Site is waaaay worse today. I have about 50 posts from users who want my head on a platter, haha. I turned persistent connections back on; I feel like I should up my database connections again as well, at least it'd prevent database errors :\ But I do understand your point - this stuff shouldn't be happening at all.
How much traffic are you getting? That's an awful lot of concurrent sessions happening in the same second. Also how big are all your databases combined (GB-wise)? And yeah... if it's better with the old settings, revert for now until you can fix the underlying issue. I'm wondering if you simply need more memory for the server. MySQL will only perform well if there's enough FREE memory for MySQL to store all databases in-memory (cache).
My database is about 4Gb compressed. I think it's closer to 7 or 8 on the disk. My vBulletin "active users" section is listing about 5500 users online at the moment, although that's clearly a fudge factor - I think based on unique IP access over the last 20-30 minutes. I'll check on the swap space logs to see if it was thrashing into physical memory when I had issues today.
Well even if it's not hitting swap for normal memory usage, you need more memory for MySQL... if you have the memory, MySQL will store cached versions of your tables in-memory. If you don't, it will read records from the tables as needed from the disk. Disk swap isn't going to show that since MySQL won't try to use more memory than it has. But that being said, you definitely need more memory. You should check the disk i/o when things are slow and see if your server is being bottlnecked by how fast it can read stuff from disk. I'm guessing your disk is working overtime seeking around all over the disk to get data to answer all the concurrent queries. You literally can't have too much memory in your DB server, so get more... get as much as you can. My servers all have 256GB RAM per server (overkill, but like I said... the more the better).

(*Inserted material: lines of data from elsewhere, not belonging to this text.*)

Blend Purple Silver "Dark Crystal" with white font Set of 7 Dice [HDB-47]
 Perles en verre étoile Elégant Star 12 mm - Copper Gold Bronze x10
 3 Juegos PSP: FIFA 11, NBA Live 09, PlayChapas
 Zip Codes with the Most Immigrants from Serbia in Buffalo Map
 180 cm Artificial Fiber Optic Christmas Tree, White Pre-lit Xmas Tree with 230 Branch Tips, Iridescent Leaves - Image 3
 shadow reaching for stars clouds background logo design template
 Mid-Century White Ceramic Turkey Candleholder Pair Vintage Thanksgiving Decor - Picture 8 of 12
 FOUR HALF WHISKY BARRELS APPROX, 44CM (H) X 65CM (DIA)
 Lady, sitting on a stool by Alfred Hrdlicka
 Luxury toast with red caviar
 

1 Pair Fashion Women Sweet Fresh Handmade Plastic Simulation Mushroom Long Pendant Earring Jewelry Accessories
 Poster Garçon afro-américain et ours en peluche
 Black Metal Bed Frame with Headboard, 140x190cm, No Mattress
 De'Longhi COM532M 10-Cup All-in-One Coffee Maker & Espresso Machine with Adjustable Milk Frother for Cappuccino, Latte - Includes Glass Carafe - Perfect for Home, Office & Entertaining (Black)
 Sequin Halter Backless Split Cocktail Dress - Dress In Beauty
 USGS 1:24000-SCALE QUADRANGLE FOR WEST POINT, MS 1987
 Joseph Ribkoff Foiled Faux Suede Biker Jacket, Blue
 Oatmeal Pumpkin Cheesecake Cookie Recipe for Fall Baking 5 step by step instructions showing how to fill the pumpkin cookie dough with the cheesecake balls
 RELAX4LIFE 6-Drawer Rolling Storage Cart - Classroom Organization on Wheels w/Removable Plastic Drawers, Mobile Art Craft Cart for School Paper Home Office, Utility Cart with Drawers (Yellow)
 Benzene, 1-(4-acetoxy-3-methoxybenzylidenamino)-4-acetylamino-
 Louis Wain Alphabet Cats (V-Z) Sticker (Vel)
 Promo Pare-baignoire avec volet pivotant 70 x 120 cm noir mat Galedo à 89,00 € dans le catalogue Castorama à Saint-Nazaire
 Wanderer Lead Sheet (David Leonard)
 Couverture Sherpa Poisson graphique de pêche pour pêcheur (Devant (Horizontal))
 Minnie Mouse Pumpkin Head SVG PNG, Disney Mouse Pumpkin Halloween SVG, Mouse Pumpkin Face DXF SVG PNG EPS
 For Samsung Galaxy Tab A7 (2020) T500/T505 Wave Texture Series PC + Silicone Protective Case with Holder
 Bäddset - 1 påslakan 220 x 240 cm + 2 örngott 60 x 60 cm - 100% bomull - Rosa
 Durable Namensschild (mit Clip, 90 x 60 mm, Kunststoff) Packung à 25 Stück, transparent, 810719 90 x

Hahaha. Okay, I'll talk to my hardware guys and see what they can do for me. [edit] Do you know if you can just shutdown the box, add the memory, and it'll start getting used by a Linux box when you turn it back on?
So, I beefed up my server to 32Gb of RAM, and started it up. My post table is now corrupt and I'm running a myisamchk -r on it; hopefully it's not hosed.
Yeah, normally you can just add memory and that's all you need to do unless it's some ancient BIOS on the hardware. Did you just unplug it rather than shutting it down??? Lol (well, not funny really)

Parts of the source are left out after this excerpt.